L’innovativa tecnica utilizza una sottile sonda che, attraverso il congelamento della punta, permette di prelevare campioni di tessuto di dimensioni maggiori e di qualità superiore rispetto alle biopsie tradizionali. Questo consente di ottenere diagnosi più accurate in tempi più rapidi e, in molti casi, di evitare interventi chirurgici più invasivi come la mediastinoscopia o la biopsia polmonare chirurgica.
«La disponibilità di campioni di qualità elevata può fare la differenza tra un sospetto diagnostico e una diagnosi certa», spiega la professoressa Elena Bargagli, responsabile del servizio di Broncoscopia e direttrice della UOC Malattie dell’Apparato Respiratorio. «In molte malattie rare il tessuto è l’elemento decisivo: poter ottenere biopsie più rappresentative significa offrire ai pazienti una risposta più rapida e impostare precocemente il trattamento più appropriato».
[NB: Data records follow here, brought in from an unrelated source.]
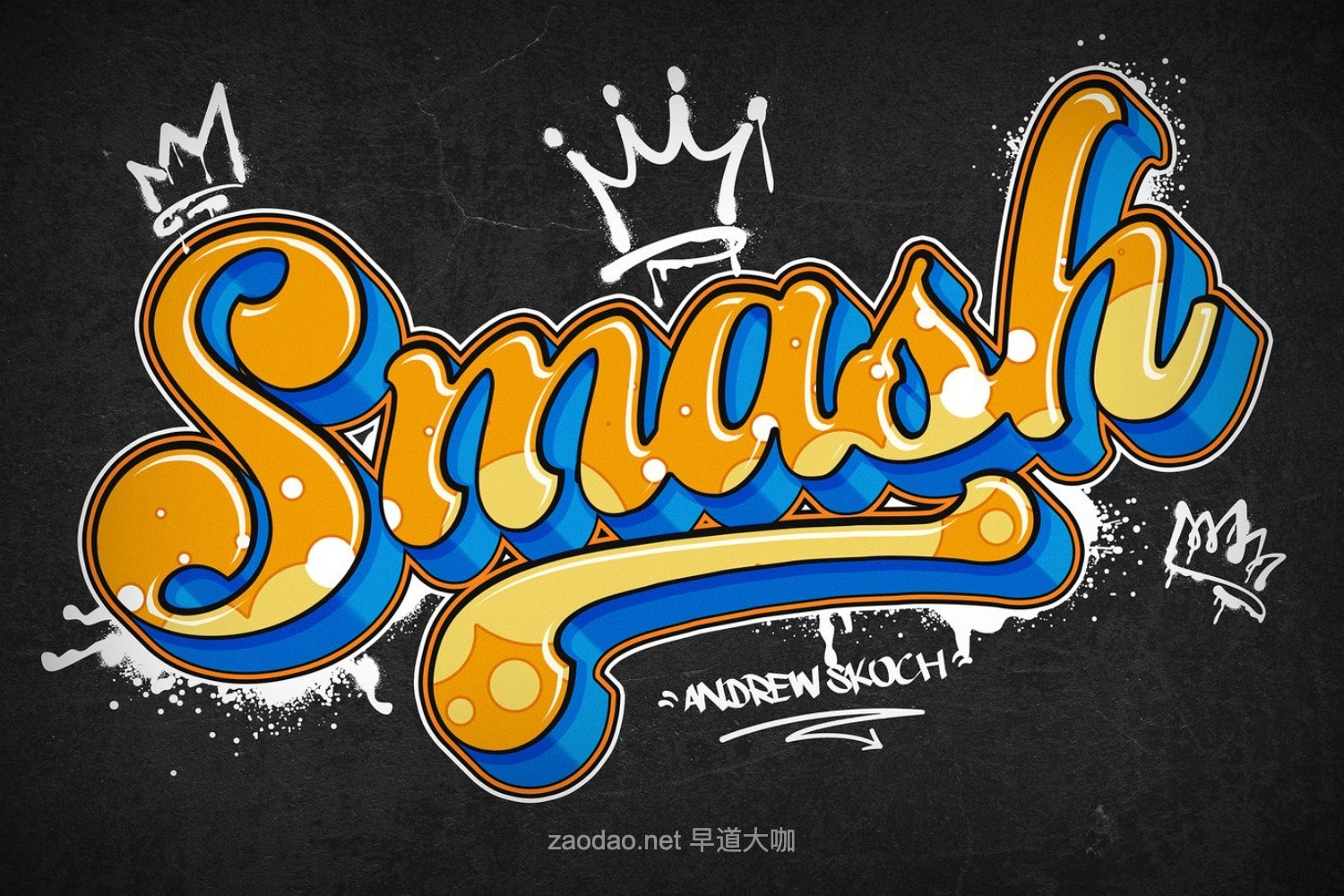 时尚街头涂鸦渐变音乐海报专辑封面3D字体特效ps样机 Graffiti Text Effects插图2 时尚街头涂鸦渐变音乐海报专辑封面3D字体特效ps样机 Graffiti Text Effects插图2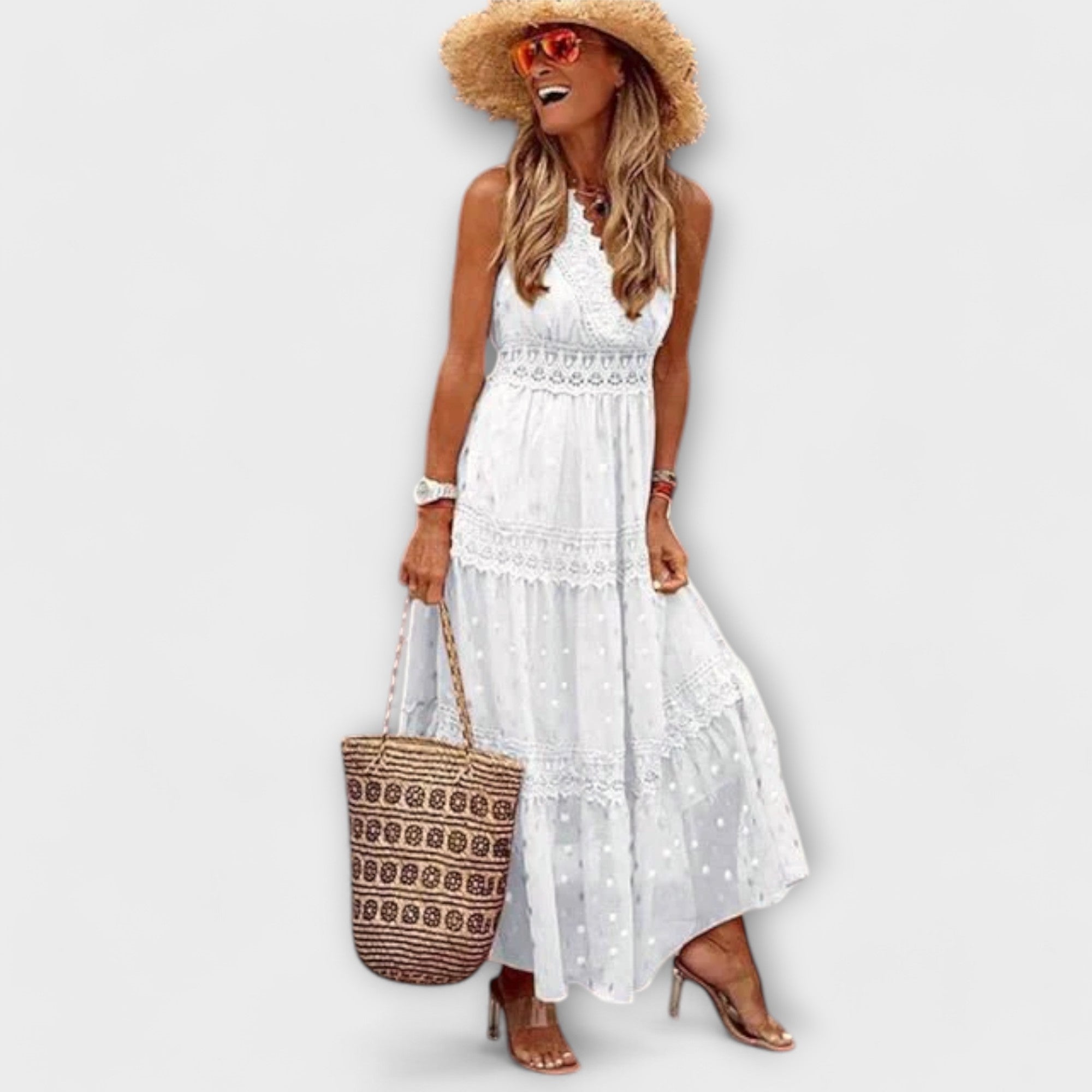 Lola - Maxivestido con encaje bohemio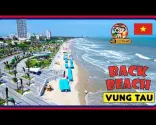 🇻🇳 Back Beach - Vũng Tàu, Wietnam - Niesamowita długa plaża - Ucieczka z Ho Chi Minh - Miejsce na wakacje - Recenzja plaży w 4K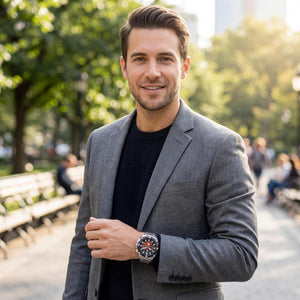 Roberto Bianci Casual Men's Watch — wrist wear, Stainless Steel band everyday timepiece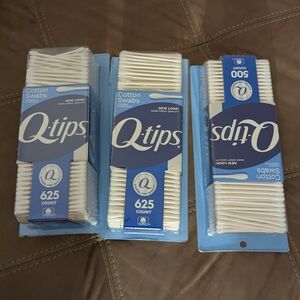 New Q-tips Cotton Swabs, 1750 ct., 3 pk.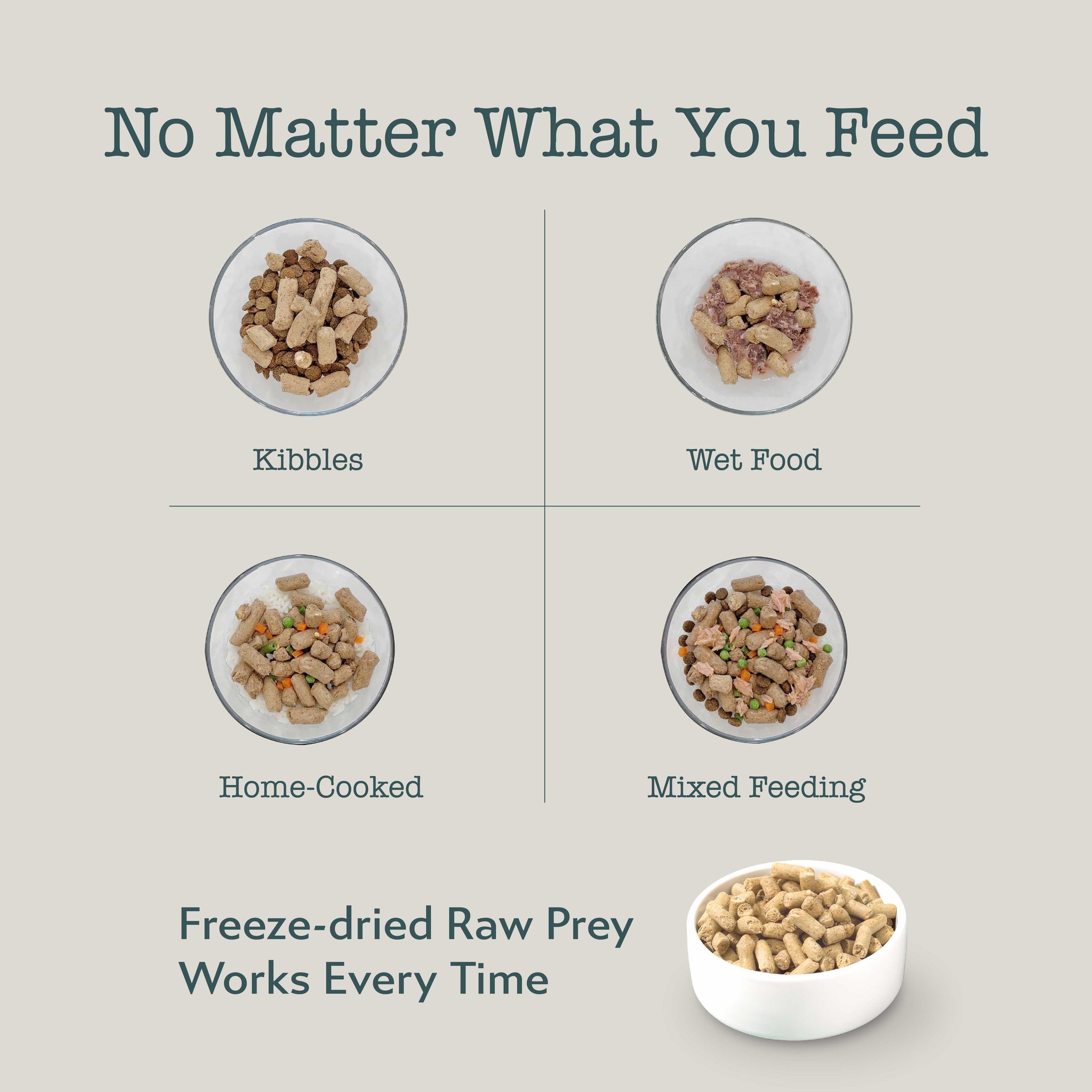 Boneve Freeze-Dried Raw Prey Cat Food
La criobiopsia viene impiegata sia nello studio delle malattie polmonari interstiziali sia durante le procedure di ecografia endobronchiale per il campionamento dei linfonodi del torace, migliorando la diagnosi di patologie come sarcoidosi, linfomi e altre malattie infiltrative.
«L’innovazione tecnologica ha valore solo quando si traduce in un beneficio concreto per il paziente», sottolinea il dottor Fabrizio Mezzasalma, pneumologo interventista. «Siena dispone oggi delle competenze e dell’esperienza necessarie per offrire questa opportunità diagnostica ai pazienti che ne hanno indicazione».
L’introduzione della nuova metodica è frutto della collaborazione tra pneumologi, chirurghi toracici, anatomopatologi, radiologi, anestesisti e specialisti delle malattie rare e consolida ulteriormente il ruolo dell’Aou Senese come punto di riferimento regionale per la diagnosi e la cura delle patologie respiratorie complesse.